Pora na... Wakacje! Vol. 6 - Amsterdam! :D




- ... and be careful with drags. You know, marihuana. Every one who's tourist in Holland are smoking. Are you going to try weed?
- Yeee you know. Also, but it isn't the most important think to d...
- blablabla. Always the same, but I know something about that.
- The same like us.

Heheszki tu się wtedy pojawiły i dalsza część rozmowy potoczyła się jeszcze bardziej na luzaku.

***

- Hi, could I help you?
- We're looking for the cheapest option.
- Ok, lets see...

(...)

- ... and there is smoking room. Always, when you'll go to travel, travel with weed, you know (wink).
- Of course, but it isn't most important. We can have good day without smoki...
- understand. So what are you doing here?

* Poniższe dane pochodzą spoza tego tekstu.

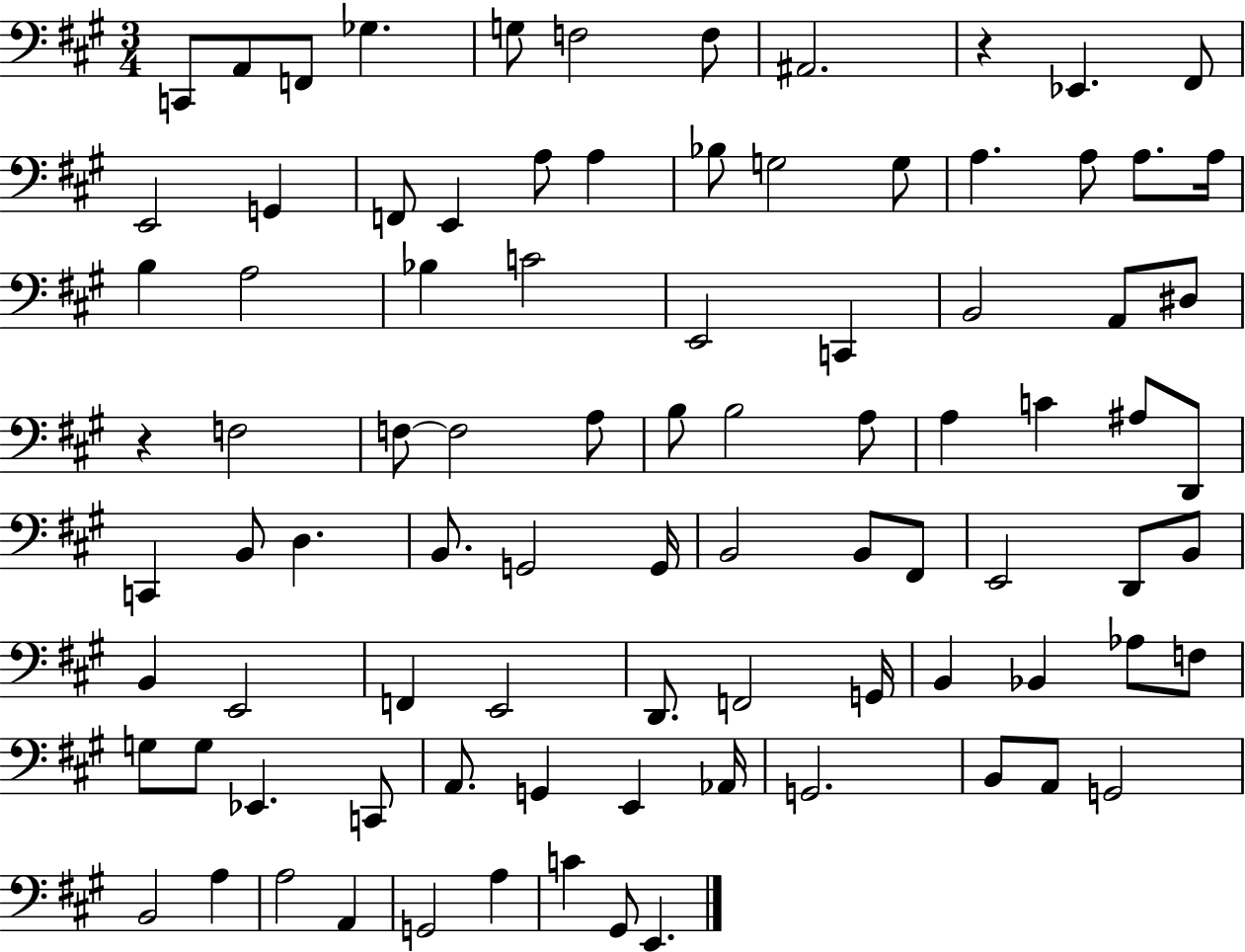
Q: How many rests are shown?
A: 2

I dalej było już tylko oburzenie, że palenie nie jest najważniejsze. Na szczęście sytuację udało się załagodzić i w końcu udało się też wspólnie spalić :)

Welcome Holland!

***

Mówiąc, że palenie marihuany, jaranie zioła, kotłowanie albo szuwax - nie jest w Holandii najważniejsze - mówiliśmy prawdę. Ale... cholera! Wyszło faktycznie na to, że przez połowę pobytu w Amsterdamie, byłem na haju.

Uważam jednak, że zioło jest tam tylko ciekawym dodatkiem, umagiczniającym te miejsce nieco bardziej. Samo w sobie bowiem jest zaczarowane. Dlaczego? Poczytaj jeszcze trochę.

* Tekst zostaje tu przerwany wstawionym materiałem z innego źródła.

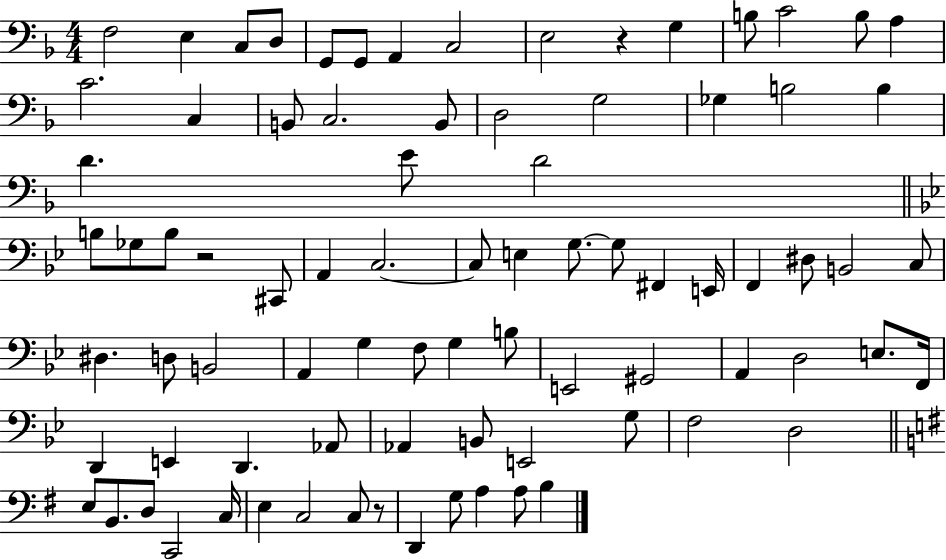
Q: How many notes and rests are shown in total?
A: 83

Amsterdam jest przepiękny. Bywałem w wielu miejscach, naprawdę. Dubrownik jest piękny, Bieszczady są piękne, Golub-Dobrzyń jest piękny (choć to dziura - tak nadal to podtrzymuję), jezioro Garda jest przepiękne... można by tak jeszcze sporo wymieniać. Amsterdam za to skradł mi serce i w ogóle wszystko. Zwłaszcza pieniądze. Warto było :)

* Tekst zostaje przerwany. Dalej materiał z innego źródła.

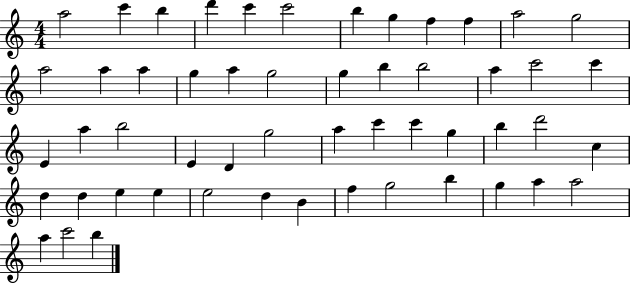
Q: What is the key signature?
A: C major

Te wszędobylskie kanały wodne otoczone wielkimi połaciami zieleni. Miasto rowerów i sztuki. Miasto gdzie światło lekkoczerwone to zielone, a bardzo czerwone to czerwone. Miasto ludzi młodych i turystów. Tam nawet obrzeża są magiczne. I cały czas coś się dzieje. Trafiliśmy nawet na mecz reprezentacji Polski w piłkę nożną na jakimś takim małym boisku gdzie grało się w trójkę. Były więc i emocje. Nie wiem jak mam to opisać wszystko. Dlatego wraz z kumplem, z którym pojawiłem się w stolicy Holandii, zmontujemy za niedługo film z tego co tam się działo - bo wzięliśmy GoPro :D

Zachęcam do zwiedzania i podróżowania po Amsterdamie. Osobiście będę tam wracał najczęściej jak się da.

Polecał będę na pewno jeszcze raz - drugi post o Amsterdamie przewidziany na weekend, już zapraszam!

A tymczasem popatrz na zdjęcia.



Mniej więcej taki widok co skrzyżowanie. A przynajmniej tak samo urokliwy.


Atmosfera jak w domu... no może nieco weselej ;)


Architektura Amsterdamu zachwyca i zapiera dech w piersiach. Osobiście mógłbym nie ruszać się z niektórych miejsc godzinami. Nic tylko stać i podziwiać.


Red light district - oj przyciąga. Albo raczej przyciągają. Albo raczej obciągają?


Codzienna niecodzienność.


Rozpływałem się jak na tym zdjęciu wraz z tęczowym ciasteczkiem.